O assalto “por dentro”
Outro escândalo esquecido por todos os ministros é o critério perverso adotado pelo fisco brasileiro ao aplicar as alíquotas de impostos fazendo o cálculo de percentual “por dentro”, que transforma 25% em 33%. Por que não calcular os percentuais sobre o valor dos serviços ou dos produtos – e não sobre o preço final? São dois pesos e duas medidas, até porque, quando reajustamos salários não adotamos nenhum cálculo “por dentro”, mas, “por fora”.
Veja um exemplo concreto. Paguei minha conta telefônica de abril no total de R$ 282,92, dos quais R$ 211,40 eram serviços (inclusive R$ 41,38 de assinatura básica mensal).

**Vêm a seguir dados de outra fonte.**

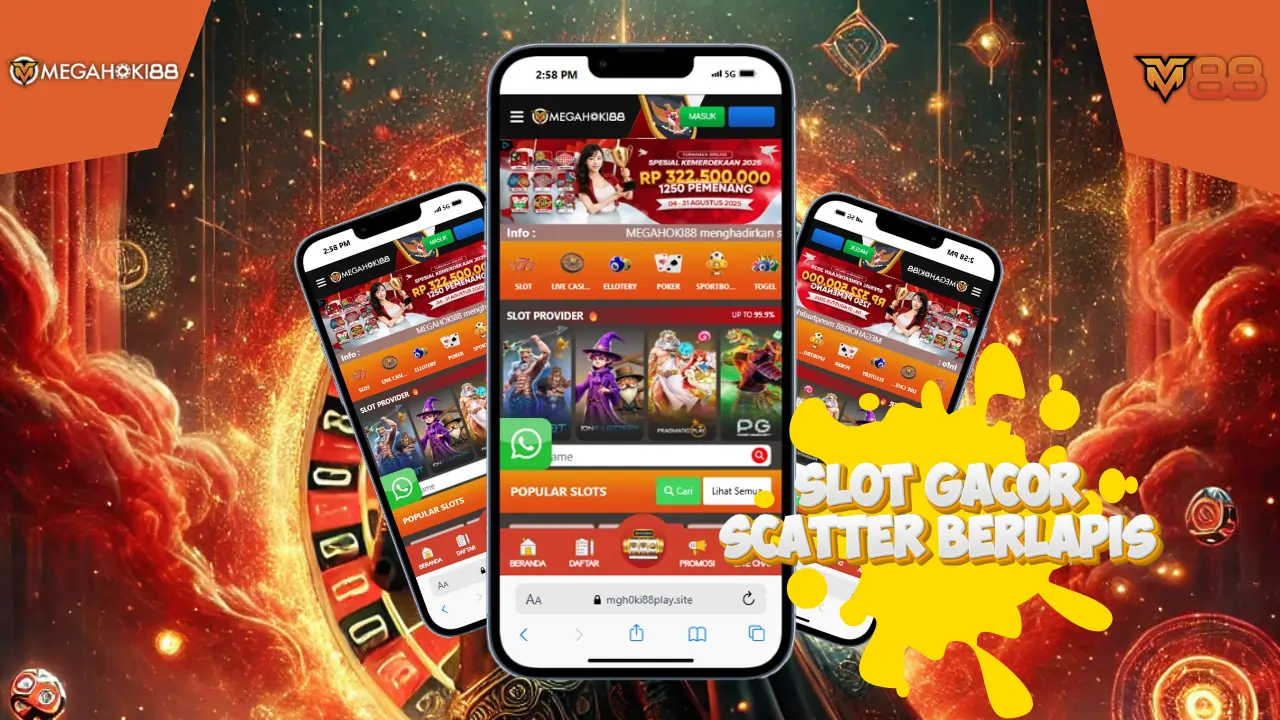 Megahoki88 Slot: Situs Slot Online Gacor Kasih Scatter Hitam Berlapis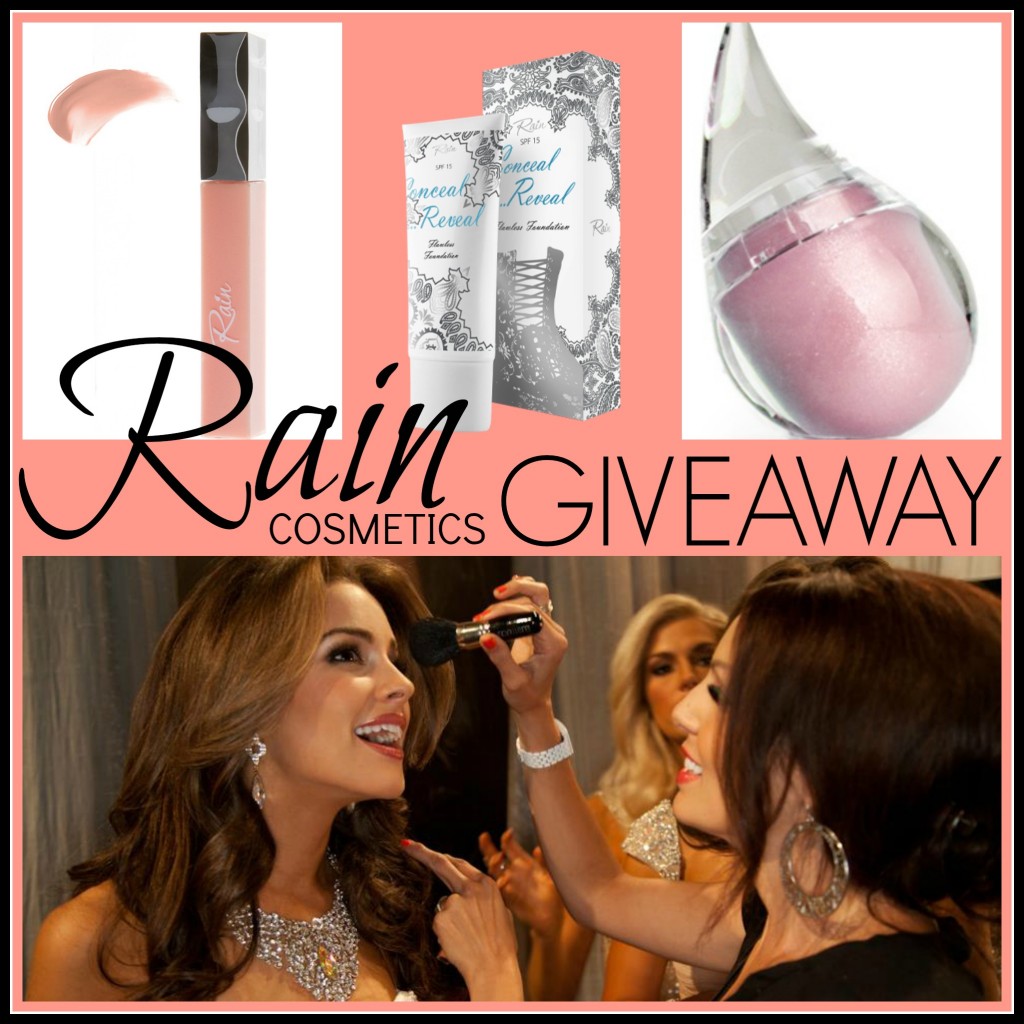 RAIN COSMETICS GIVEAWAY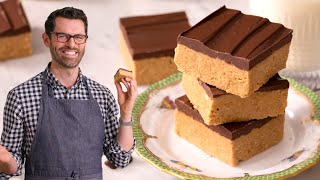 Peanut Butter Bars [upl. by Ymac]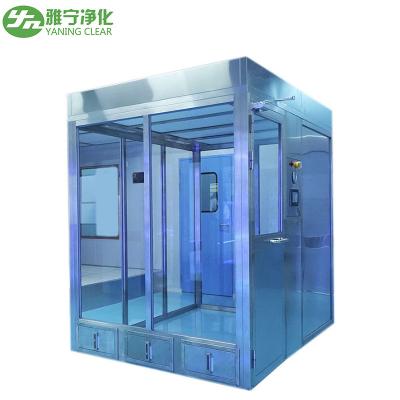 China Gmp Modular Purificação de Sala Limpa Painéis Sandwich Porta Para Plant à venda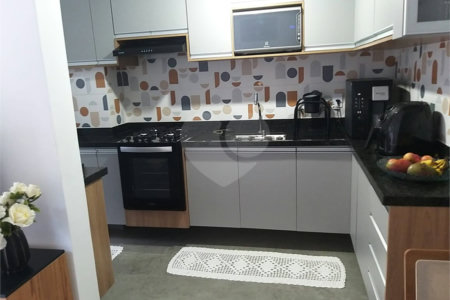 Apartamento à venda com 2 quartos em Jardim Barro Branco, Cotia, SP
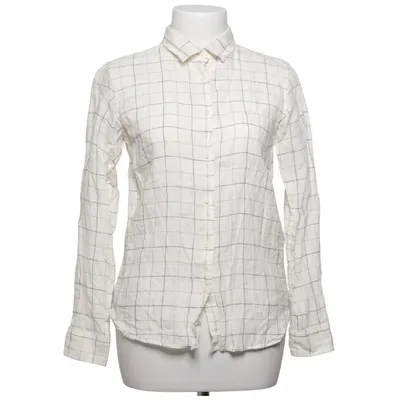 Skjorta (Beige, Svart) från Uniqlo Linne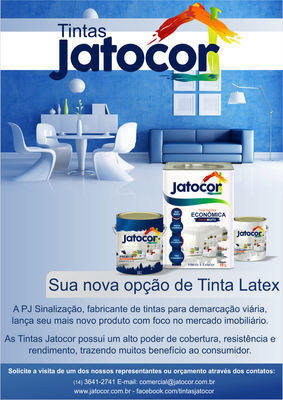 Jatocor-Tinta Latéx Acrílica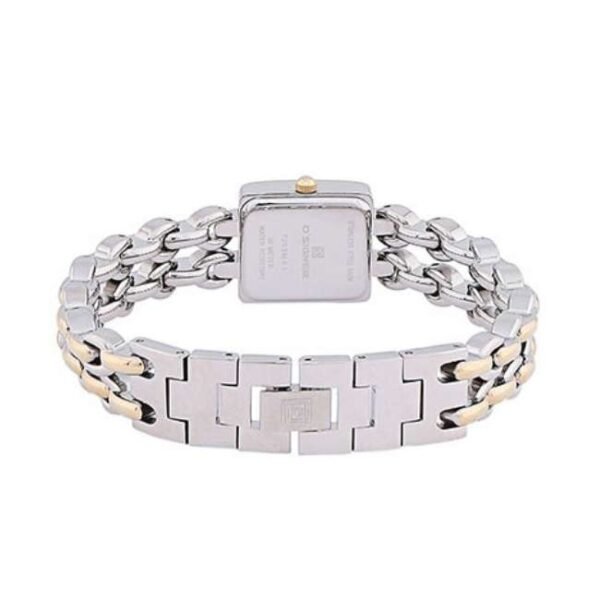 D'signer Analog White Dial Women's Watch 725TM.6L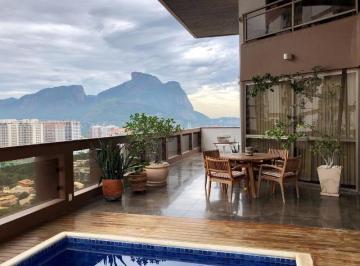 Vista Varanda · OPORTUNIDADE APARTAMENTO DUPLEX 4 QUARTOS 360M² NO BARRAMARES VISTA PRAIA DA BARRA
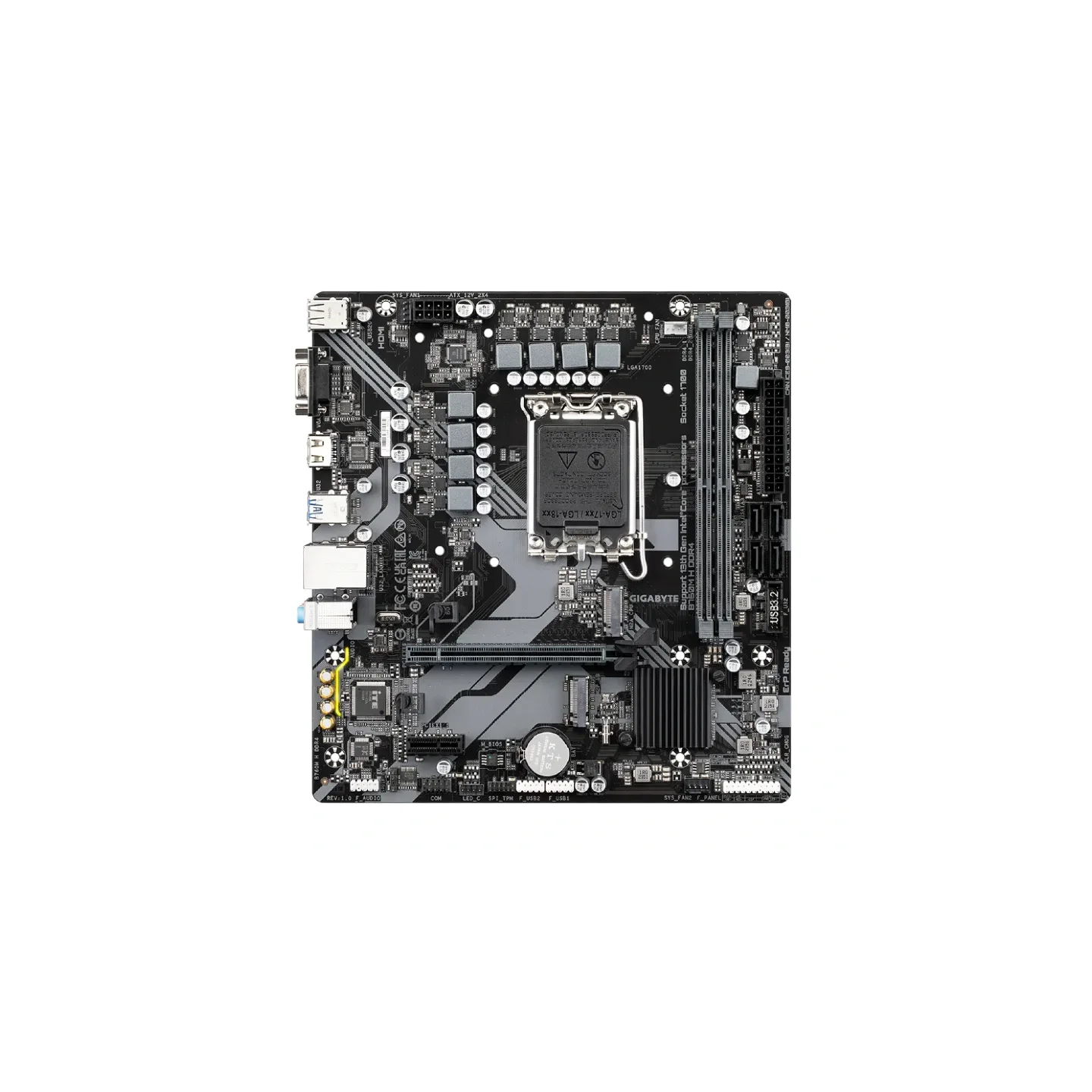 Matična ploča Intel Gigabyte B760M H LGA 1700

Paguei o ICMS, no valor de R$ 70,47, calculado sobre o total da conta, “por dentro”. Esse imposto representa 33% do valor dos serviços (R$ 211,40) e não 25%. Além do ICMS, ainda incidem os tributos federais, 3% de Cofins e 0,65% de PIS/Pasep – que não estão discriminados na conta.

Sejamos otimistas
Embora calejado por tantas frustrações políticas neste País, acredito firmemente, caro leitor, que a presidente Dilma Rousseff, se ler este artigo, decidará reduzir imediatamente os impostos sobre telecomunicações, estratégia, aliás, sugerida exaustivamente por centenas de especialistas competentes e sérios. Creio, também, que Papai Noel me dará uma Ferrari vermelha, novinha, no próximo Natal.